Lesson 3: Image Processing and GUI Development
To learn about the implementation of the trained Convolutional Neural Network and introduce the GUI design part of the project
What is Image Processing (Video):
What is Computer Vision (Article):
Last class we built the database and then went through the process for making and training a simple CNN, which included the steps:
- Importing data from the workable database
- Splitting the data into test and training data
- Defining our network architecture
- Training our network with specified parameters
- Testing the model for accuracy
- Saving the network to be used later
The functions for each of these stages from the MATLAB Deep Learning Toolbox is given in detail in the lecture material on the UCSB IEEE website under Lesson 2.
Then we went over the various ways to improve you models performance to get more accurate results, which include:
- Increase hidden Layers
- Change Activation function
- Change Activation function in Output layer
- Increase number of neurons
- Weight initialization
- More data
- Normalizing/Scaling data
- Change learning algorithm parameters
This is a more complicated process than it seems and improving the model’s performance is at the heart of what it means to be Machine Learning Practitioner. In general, building a model is easy, the hard part is working with the model and the data to get the most accurate result.

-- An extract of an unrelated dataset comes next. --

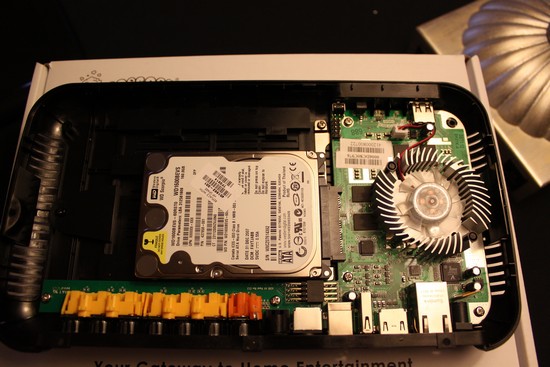 Internals.jpg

Computer Vision Aspect of Project
Let’s get a general understanding of what Image Processing and Computer Vision are. The principle in Computer Vision is to create techniques and algorithms that machines and computers can use in order to imitate how humans see and understand the world around them through a visual aspect. Computer Vision can be precisely defined as using images and videos to detect, classify, and track objects or events in order a “understand” a real-world scene. The process of computer vision also follows this general track:
- You have an input image or video that you want to apply computer vision to
- You must first process the image and clean it in order for the computer to be able to better understand the aspects of the image you would like to analyze. The purpose of this step is to prepare the image for the computer vision techniques you will use. This includes techniques such as:
- Binarizing the Image, which is make an image just solid black and white in order to contrast image objects with the background
- Removing Image Noise
- Measuring Certain Pixel values in the image to get parameters for further processing
- Adjusting Contrast in the image to bring out certain objects more from the background such as normalizing the pixel value range
- Then you perform the computer vision applications you want to perform on the image such as: Detection, Identification, Classification, Recognition, and Tracking
- Finally, you have interpret the computer vision techniques you performed in the previous step so determine if it is, for example, a pedestrian, bicyclist, truck, car, etc.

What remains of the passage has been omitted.